There were 40 oil and gas producers that listed more than $1 billion in debt when they filed bankruptcy since 2015, according to Haynes & Boone. Dockets for 32 of them contained data on fees, according to a Bloomberg Law search. Among those 32, Kirkland represented 12, and billed at least $240 million between services provided pre-filing and work it detailed to bankruptcy courts.
“Our Houston office was always opened to service oil and gas industry clients in a healthy market with relatively high energy prices,” Kirkland’s Calder said in an interview. “It’s obviously great that we had a restructuring hedge, but that was never the game plan behind opening Houston or Texas generally.”
Competition for Relationships
Phones are ringing for bankruptcy lawyers across the state.
“I have a standing conference call at 6:45 in the morning every single day,” said Sarah Link Schultz, a bankruptcy partner at Akin Gump in Dallas. “It is a busy, busy time for people in the restructuring world.”
Timothy Fenn, managing partner of Latham’s Houston office and a former Vinson & Elkins partner, said his office had its best year in 2019 despite the challenging M&A conditions. Corporate lawyers in Houston have assisted Latham’s debtor-side bankruptcy partners, which are representing shale producer Alta Mesa Resources Inc. and oilfield services giant Weatherford International in Chapter 11 proceedings.
“We are very focused at this point on this restructuring-type practice,” Fenn said. “And the combination of those bankruptcy partners coming and working with us in Houston on energy clients has been particularly powerful.”
The Chapter 11 process often brings on management changes, meaning that law firm allegiances can become newly up for grabs.
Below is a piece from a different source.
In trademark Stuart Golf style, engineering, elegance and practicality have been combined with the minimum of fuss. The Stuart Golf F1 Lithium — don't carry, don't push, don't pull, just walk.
Law firms that guide those companies through the process may have a leg up to remain after the crisis, lawyers said.
“If management teams change we want to be in front of them and say, ‘We did a great job in connection to the restructuring and got you where you are and we have a full interest in making sure that we continue to support this relationship,’” Vinson & Elkins’ Kelly said.
Firms whose fortunes remain strong in the downturn will have a bigger war chest to hire partners. And even more recent entrants to Houston have felt the pressure of Big Law’s version of a price war.
Sidley’s Vrielink said a competitor law firm in recent years was offering “unheard of” upfront bonuses in an effort to lure away his firm’s young, promising lawyers in Houston. He told that to the general counsel of an offshore drilling company.
“The client said, ‘Well, it sounds like the law firm world is becoming a lot like other industries,’” Vrielink said. “In the long run, that was probably inevitable, but law firms were insulated against that for a long time.”
When asked to provide the name of the law firm, he declined.
“Every lawyer in town can tell you who it is,” he said.